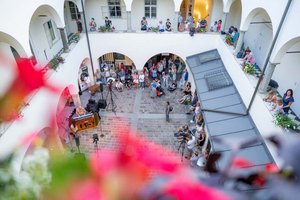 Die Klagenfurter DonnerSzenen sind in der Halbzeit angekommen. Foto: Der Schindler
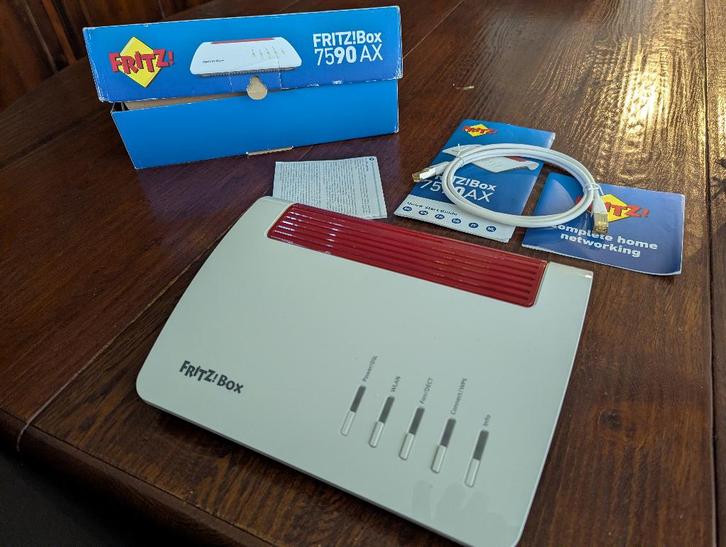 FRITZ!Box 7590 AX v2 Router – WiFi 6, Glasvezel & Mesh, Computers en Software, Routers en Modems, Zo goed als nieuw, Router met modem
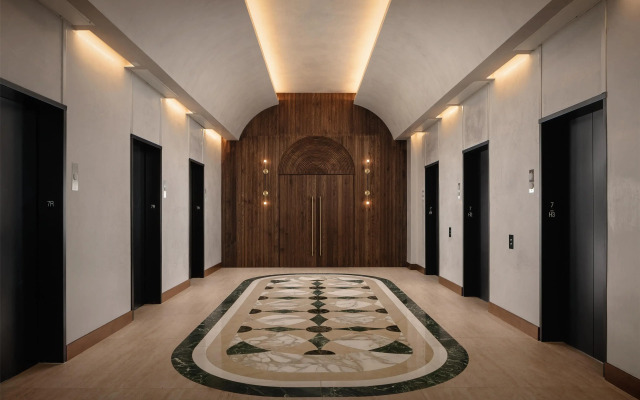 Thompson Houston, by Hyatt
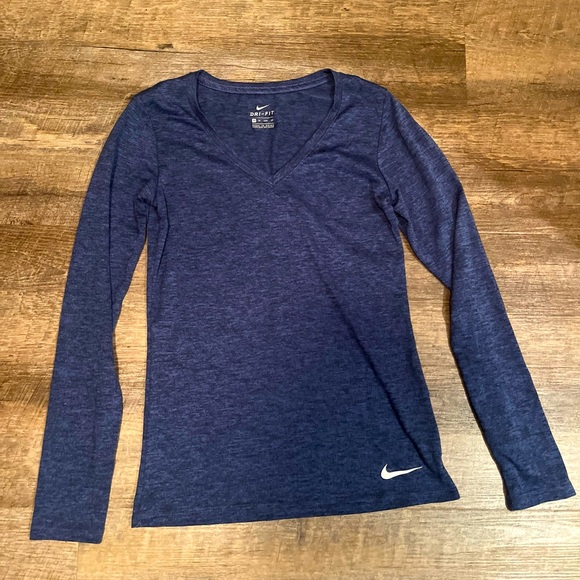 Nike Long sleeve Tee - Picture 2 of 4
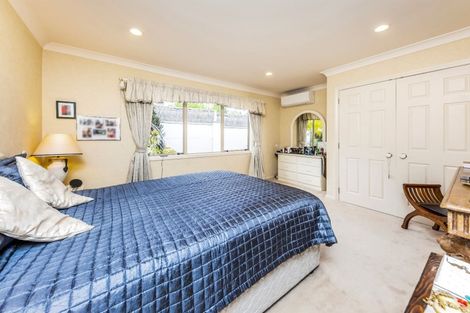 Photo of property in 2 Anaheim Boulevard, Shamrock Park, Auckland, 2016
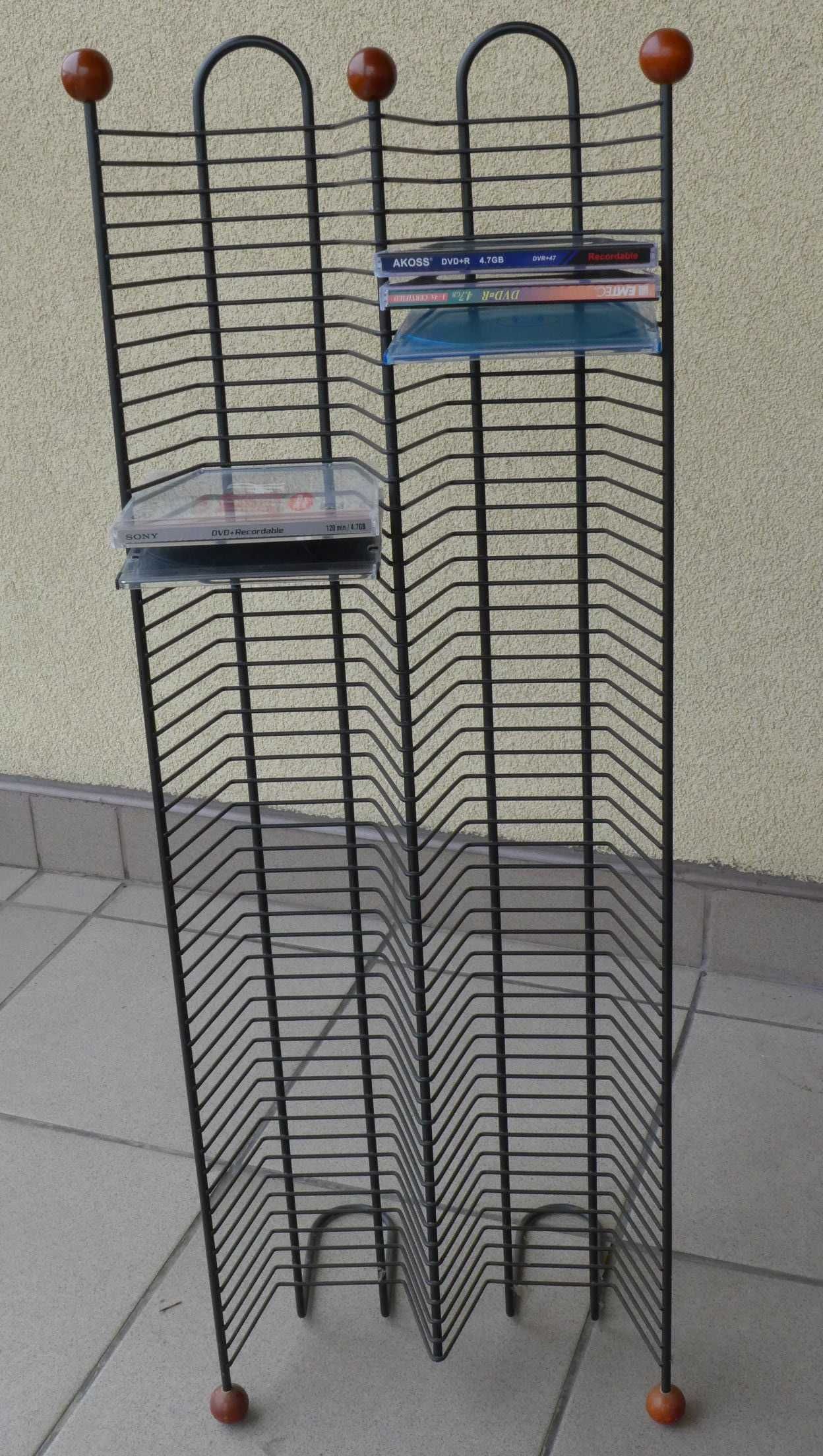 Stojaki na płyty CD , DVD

* * *

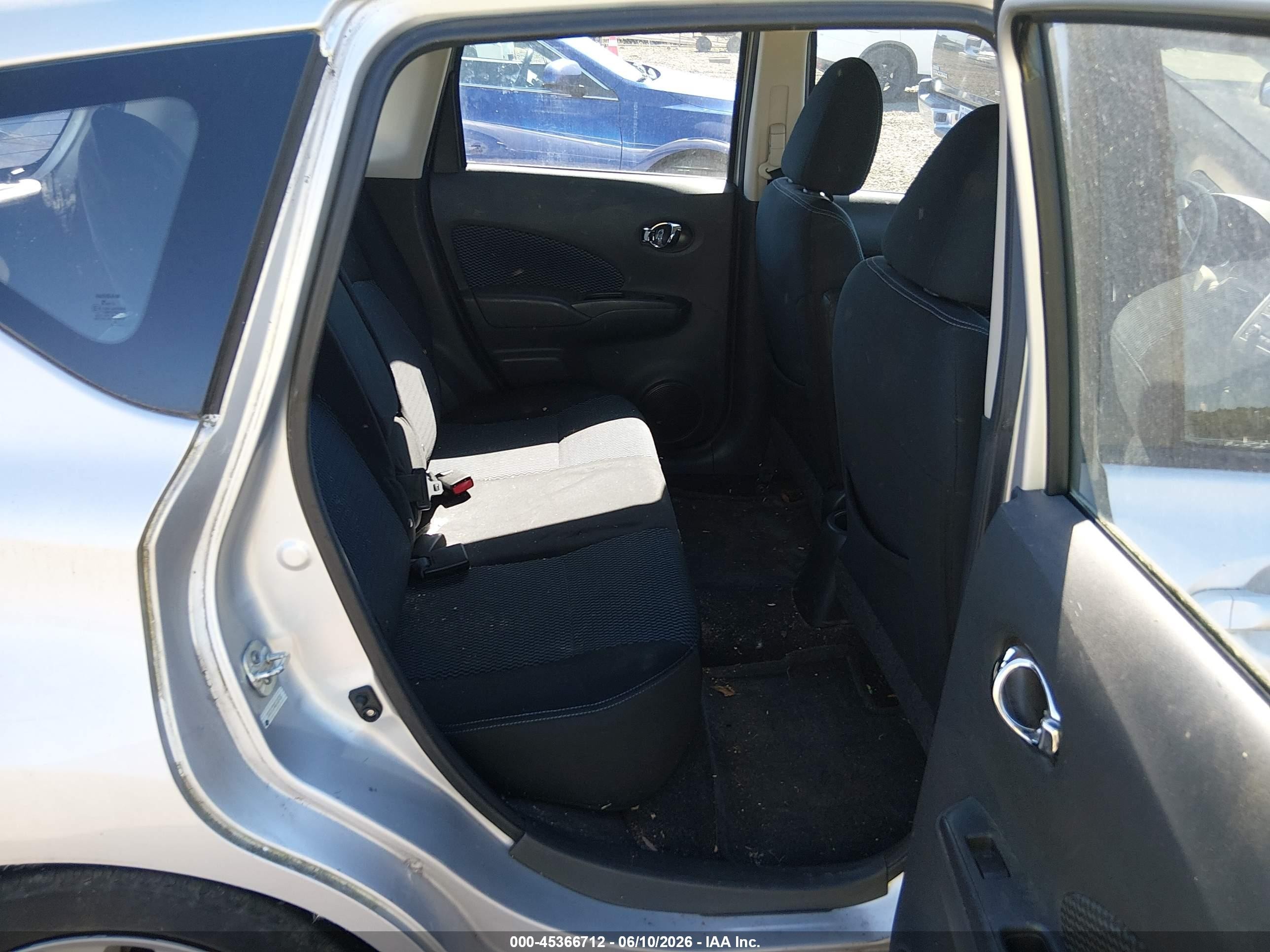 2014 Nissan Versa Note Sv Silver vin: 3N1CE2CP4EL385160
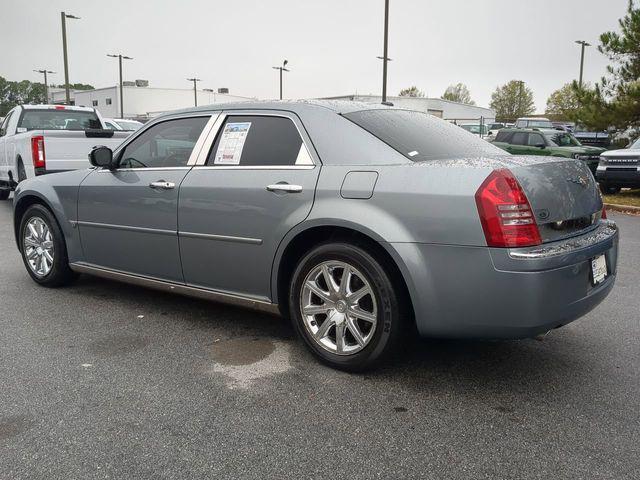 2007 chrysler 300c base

* * *

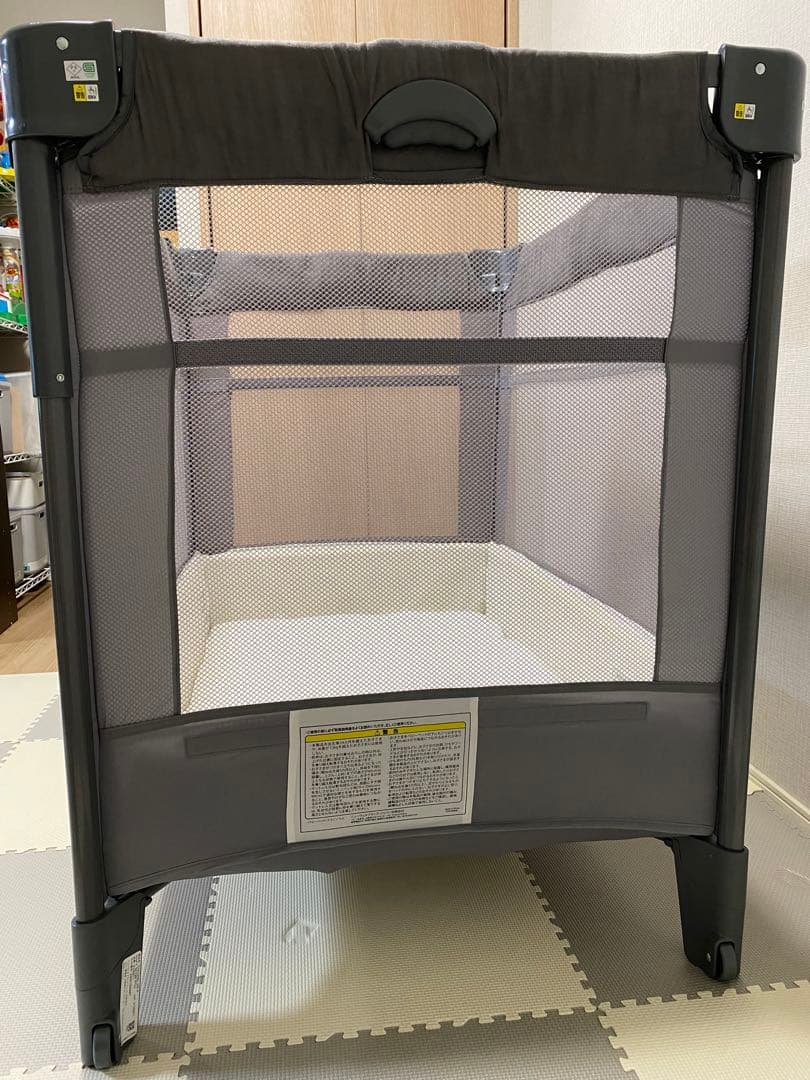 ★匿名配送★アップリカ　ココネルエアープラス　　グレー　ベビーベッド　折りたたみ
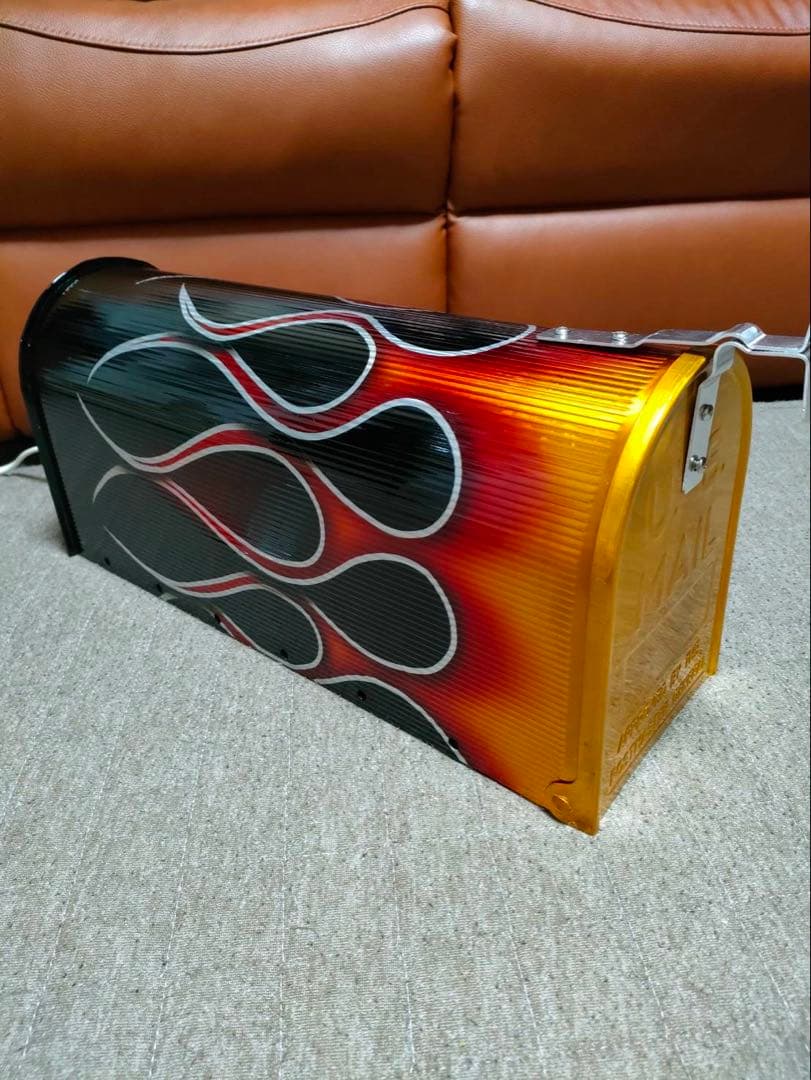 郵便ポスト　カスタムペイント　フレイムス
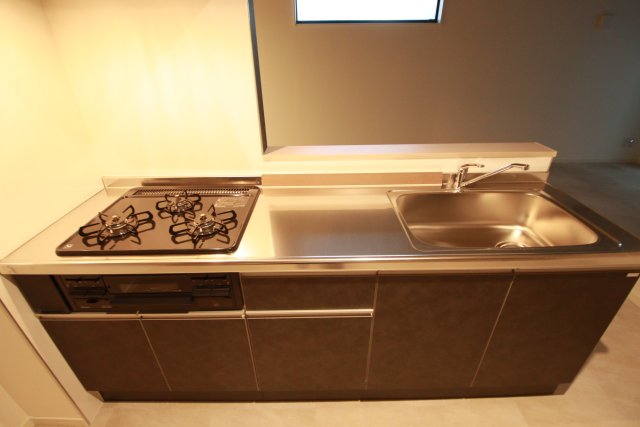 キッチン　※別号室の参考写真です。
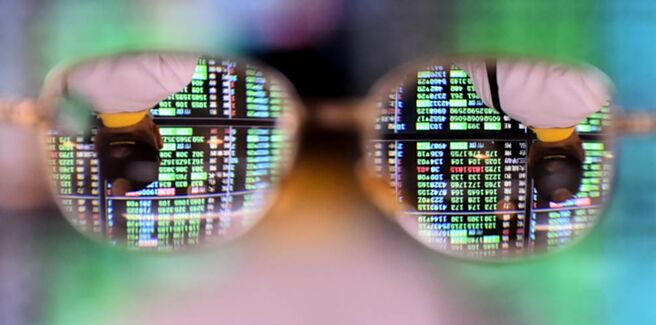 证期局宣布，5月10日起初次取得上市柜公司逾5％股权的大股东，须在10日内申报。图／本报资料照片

* * *

■ YOUR OBJECTIVE:
In the listing above, find the line containing "2014 Nissan Versa" and the line containing "2007 chrysler 300c base". Reproduce those lines and all between them exactly, with no pictures and nothing more.

■ EXERCISE SOLUTION:
 2014 Nissan Versa Note Sv Silver vin: 3N1CE2CP4EL385160
 2007 chrysler 300c base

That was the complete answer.